Recorded data
──────────
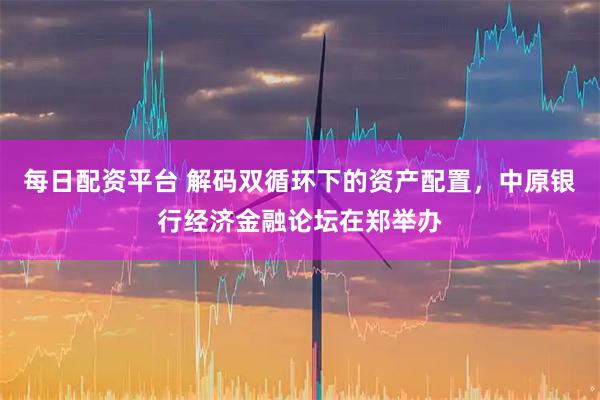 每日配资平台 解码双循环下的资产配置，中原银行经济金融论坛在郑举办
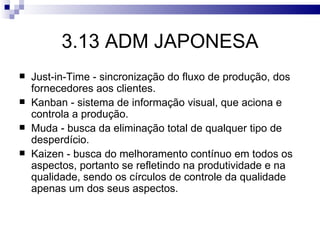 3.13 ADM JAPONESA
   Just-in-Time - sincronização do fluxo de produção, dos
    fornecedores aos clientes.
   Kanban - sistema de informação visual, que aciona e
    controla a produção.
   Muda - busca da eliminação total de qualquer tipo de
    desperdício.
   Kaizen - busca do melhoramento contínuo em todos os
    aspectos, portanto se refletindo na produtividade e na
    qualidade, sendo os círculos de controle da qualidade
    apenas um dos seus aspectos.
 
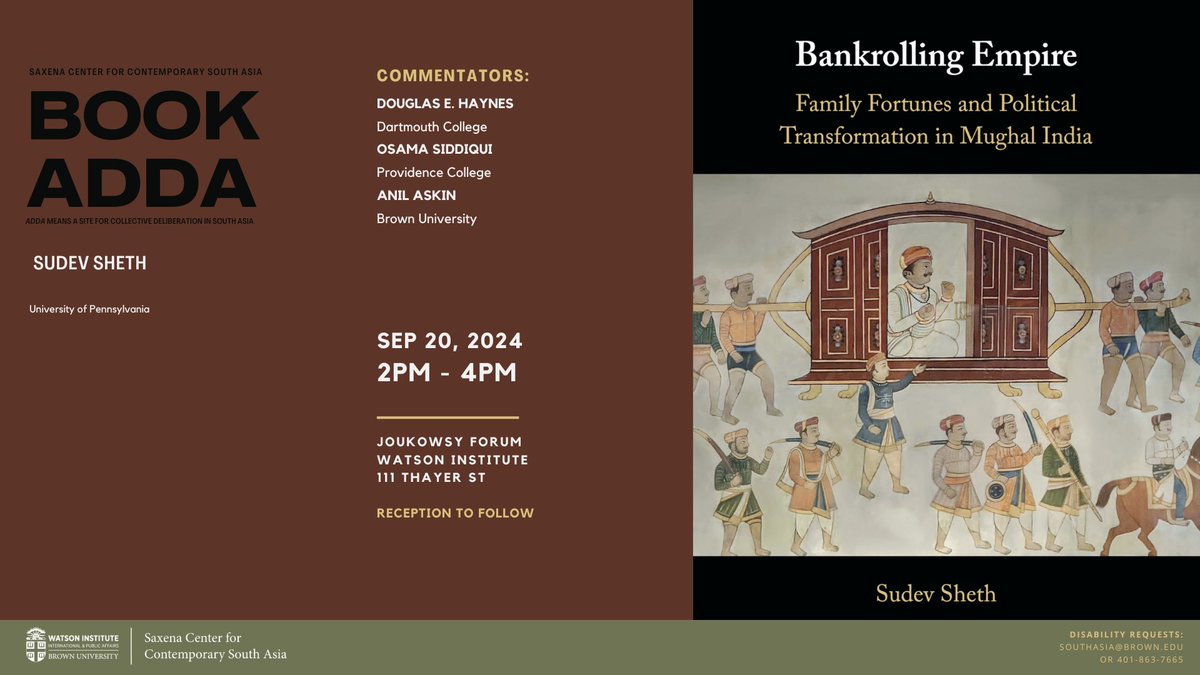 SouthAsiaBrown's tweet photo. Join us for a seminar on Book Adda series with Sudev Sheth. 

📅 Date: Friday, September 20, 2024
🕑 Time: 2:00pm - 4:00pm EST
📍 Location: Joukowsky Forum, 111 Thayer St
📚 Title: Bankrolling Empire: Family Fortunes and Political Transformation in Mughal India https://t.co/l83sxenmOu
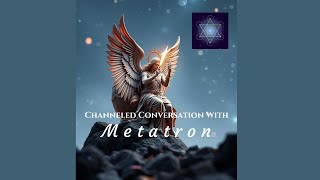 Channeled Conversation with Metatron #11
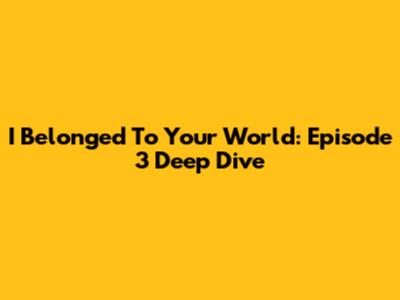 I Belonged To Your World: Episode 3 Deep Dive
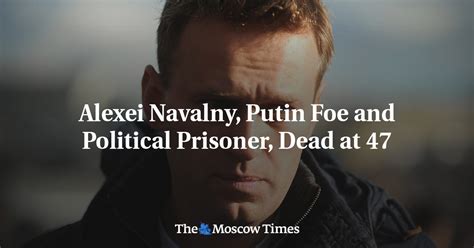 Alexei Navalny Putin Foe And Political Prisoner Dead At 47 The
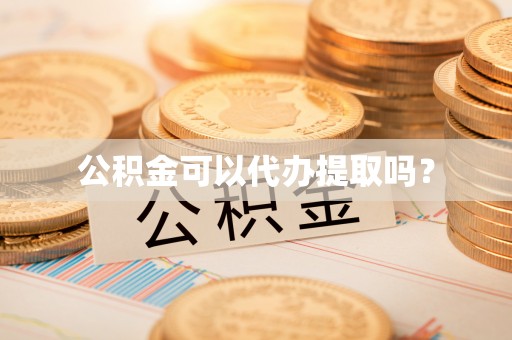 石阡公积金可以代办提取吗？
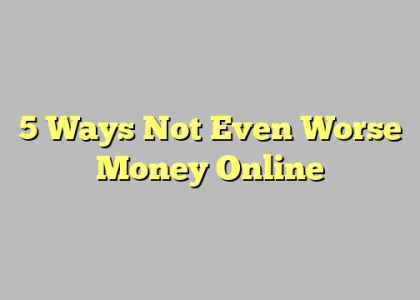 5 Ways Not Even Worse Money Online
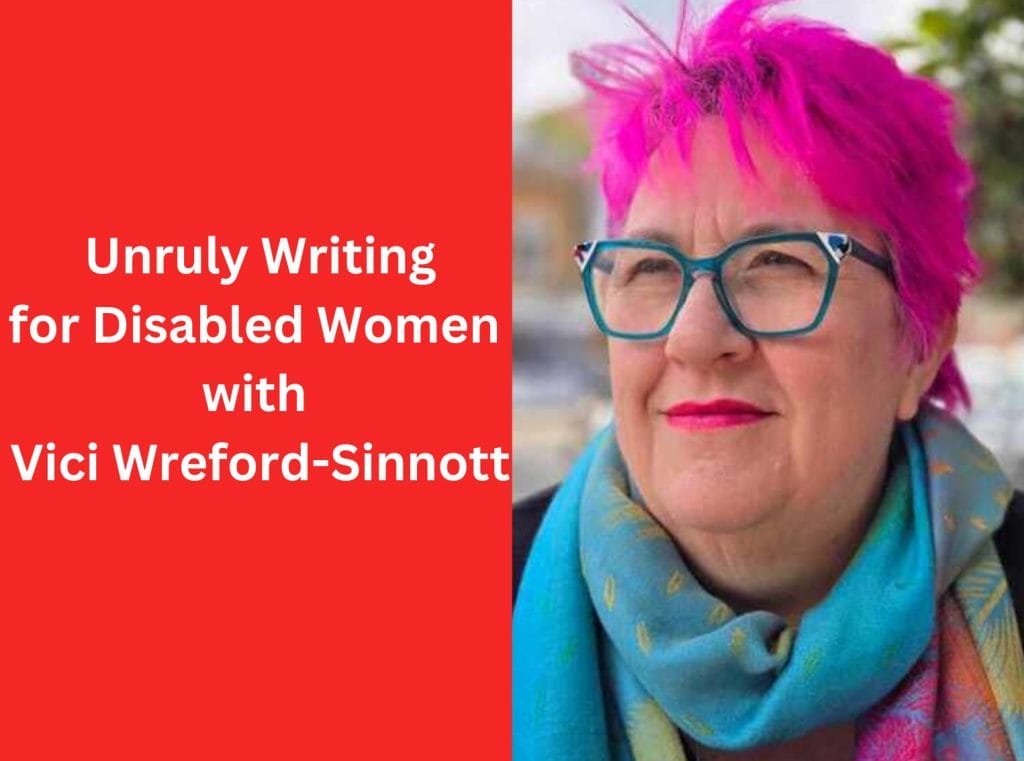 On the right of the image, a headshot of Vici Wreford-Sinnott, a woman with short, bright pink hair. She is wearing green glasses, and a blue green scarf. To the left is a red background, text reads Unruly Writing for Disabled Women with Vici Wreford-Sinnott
──────────
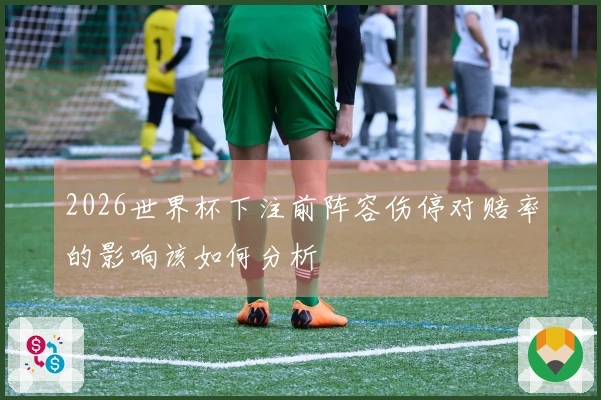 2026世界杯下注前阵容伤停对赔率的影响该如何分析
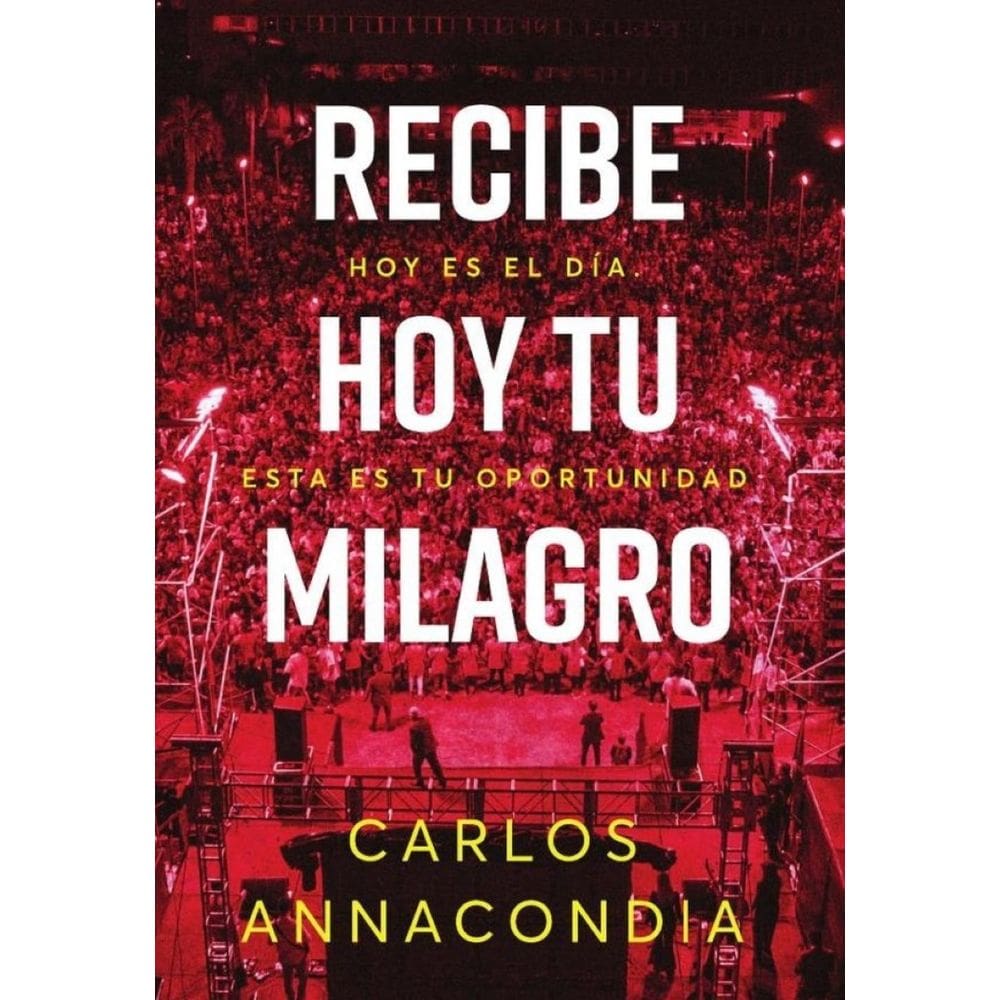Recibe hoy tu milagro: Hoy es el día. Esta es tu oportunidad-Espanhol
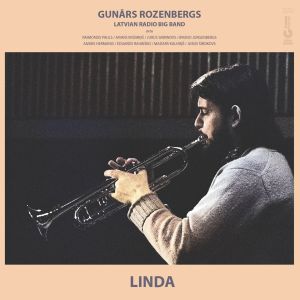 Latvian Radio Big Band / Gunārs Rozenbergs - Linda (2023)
──────────
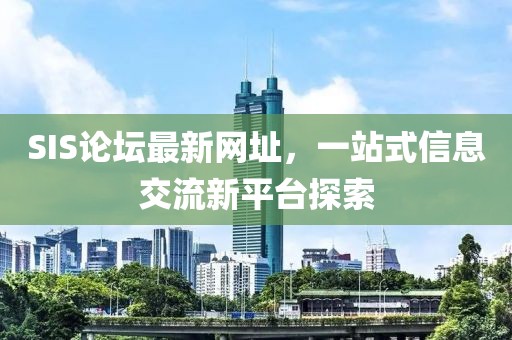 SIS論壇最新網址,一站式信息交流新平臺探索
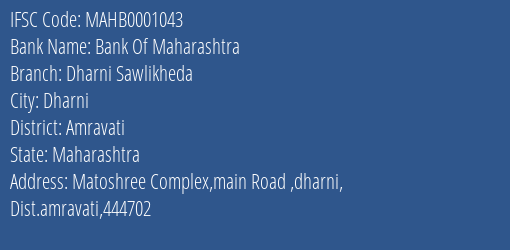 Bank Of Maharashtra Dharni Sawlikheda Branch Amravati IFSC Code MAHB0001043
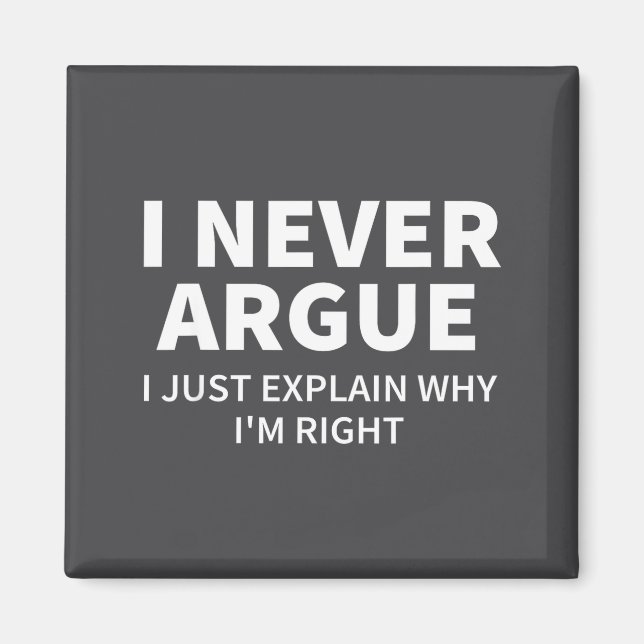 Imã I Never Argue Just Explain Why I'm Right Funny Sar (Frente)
──────────
Note each line of the material holding "busca" and copy it out.

   Muda - busca da eliminação total de qualquer tipo de
   Kaizen - busca do melhoramento contínuo em todos os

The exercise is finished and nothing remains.